▶ What you need to do: The records below are to be written out again, exactly as they appear.

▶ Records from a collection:
******

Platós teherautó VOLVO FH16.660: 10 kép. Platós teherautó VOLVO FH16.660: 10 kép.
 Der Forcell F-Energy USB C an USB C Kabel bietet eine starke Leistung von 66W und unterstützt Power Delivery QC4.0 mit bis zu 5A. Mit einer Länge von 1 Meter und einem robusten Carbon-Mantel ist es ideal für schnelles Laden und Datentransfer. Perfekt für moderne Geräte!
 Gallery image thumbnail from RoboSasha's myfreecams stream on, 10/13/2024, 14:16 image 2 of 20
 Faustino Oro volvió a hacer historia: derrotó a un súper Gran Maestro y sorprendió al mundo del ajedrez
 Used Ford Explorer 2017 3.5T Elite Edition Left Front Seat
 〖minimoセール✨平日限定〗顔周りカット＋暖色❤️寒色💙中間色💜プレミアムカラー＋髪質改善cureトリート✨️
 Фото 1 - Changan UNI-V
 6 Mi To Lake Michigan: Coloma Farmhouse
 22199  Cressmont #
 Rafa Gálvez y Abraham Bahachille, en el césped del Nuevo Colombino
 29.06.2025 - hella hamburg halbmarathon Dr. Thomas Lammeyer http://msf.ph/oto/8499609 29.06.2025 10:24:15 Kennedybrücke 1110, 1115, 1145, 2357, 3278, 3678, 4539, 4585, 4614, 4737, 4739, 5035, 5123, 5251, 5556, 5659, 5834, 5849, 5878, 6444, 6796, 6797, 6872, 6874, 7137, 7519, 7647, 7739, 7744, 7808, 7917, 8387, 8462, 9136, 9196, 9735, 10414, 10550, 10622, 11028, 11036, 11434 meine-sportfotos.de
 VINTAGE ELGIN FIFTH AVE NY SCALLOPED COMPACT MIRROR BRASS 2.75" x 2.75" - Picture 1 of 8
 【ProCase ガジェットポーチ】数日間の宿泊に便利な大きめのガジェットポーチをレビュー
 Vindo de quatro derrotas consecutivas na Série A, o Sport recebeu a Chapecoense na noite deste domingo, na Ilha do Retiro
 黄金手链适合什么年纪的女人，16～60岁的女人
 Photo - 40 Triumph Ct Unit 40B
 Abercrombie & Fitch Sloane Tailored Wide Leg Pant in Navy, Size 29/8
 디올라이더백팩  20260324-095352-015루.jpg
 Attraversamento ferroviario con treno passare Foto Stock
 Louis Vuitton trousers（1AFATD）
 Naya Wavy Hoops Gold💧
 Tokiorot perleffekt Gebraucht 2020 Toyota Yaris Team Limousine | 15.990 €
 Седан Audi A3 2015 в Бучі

******

▶ Your solution:
Platós teherautó VOLVO FH16.660: 10 kép. Platós teherautó VOLVO FH16.660: 10 kép.
 Der Forcell F-Energy USB C an USB C Kabel bietet eine starke Leistung von 66W und unterstützt Power Delivery QC4.0 mit bis zu 5A. Mit einer Länge von 1 Meter und einem robusten Carbon-Mantel ist es ideal für schnelles Laden und Datentransfer. Perfekt für moderne Geräte!
 Gallery image thumbnail from RoboSasha's myfreecams stream on, 10/13/2024, 14:16 image 2 of 20
 Faustino Oro volvió a hacer historia: derrotó a un súper Gran Maestro y sorprendió al mundo del ajedrez
 Used Ford Explorer 2017 3.5T Elite Edition Left Front Seat
 〖minimoセール✨平日限定〗顔周りカット＋暖色❤️寒色💙中間色💜プレミアムカラー＋髪質改善cureトリート✨️
 Фото 1 - Changan UNI-V
 6 Mi To Lake Michigan: Coloma Farmhouse
 22199  Cressmont #
 Rafa Gálvez y Abraham Bahachille, en el césped del Nuevo Colombino
 29.06.2025 - hella hamburg halbmarathon Dr. Thomas Lammeyer http://msf.ph/oto/8499609 29.06.2025 10:24:15 Kennedybrücke 1110, 1115, 1145, 2357, 3278, 3678, 4539, 4585, 4614, 4737, 4739, 5035, 5123, 5251, 5556, 5659, 5834, 5849, 5878, 6444, 6796, 6797, 6872, 6874, 7137, 7519, 7647, 7739, 7744, 7808, 7917, 8387, 8462, 9136, 9196, 9735, 10414, 10550, 10622, 11028, 11036, 11434 meine-sportfotos.de
 VINTAGE ELGIN FIFTH AVE NY SCALLOPED COMPACT MIRROR BRASS 2.75" x 2.75" - Picture 1 of 8
 【ProCase ガジェットポーチ】数日間の宿泊に便利な大きめのガジェットポーチをレビュー
 Vindo de quatro derrotas consecutivas na Série A, o Sport recebeu a Chapecoense na noite deste domingo, na Ilha do Retiro
 黄金手链适合什么年纪的女人，16～60岁的女人
 Photo - 40 Triumph Ct Unit 40B
 Abercrombie & Fitch Sloane Tailored Wide Leg Pant in Navy, Size 29/8
 디올라이더백팩  20260324-095352-015루.jpg
 Attraversamento ferroviario con treno passare Foto Stock
 Louis Vuitton trousers（1AFATD）
 Naya Wavy Hoops Gold💧
 Tokiorot perleffekt Gebraucht 2020 Toyota Yaris Team Limousine | 15.990 €
 Седан Audi A3 2015 в Бучі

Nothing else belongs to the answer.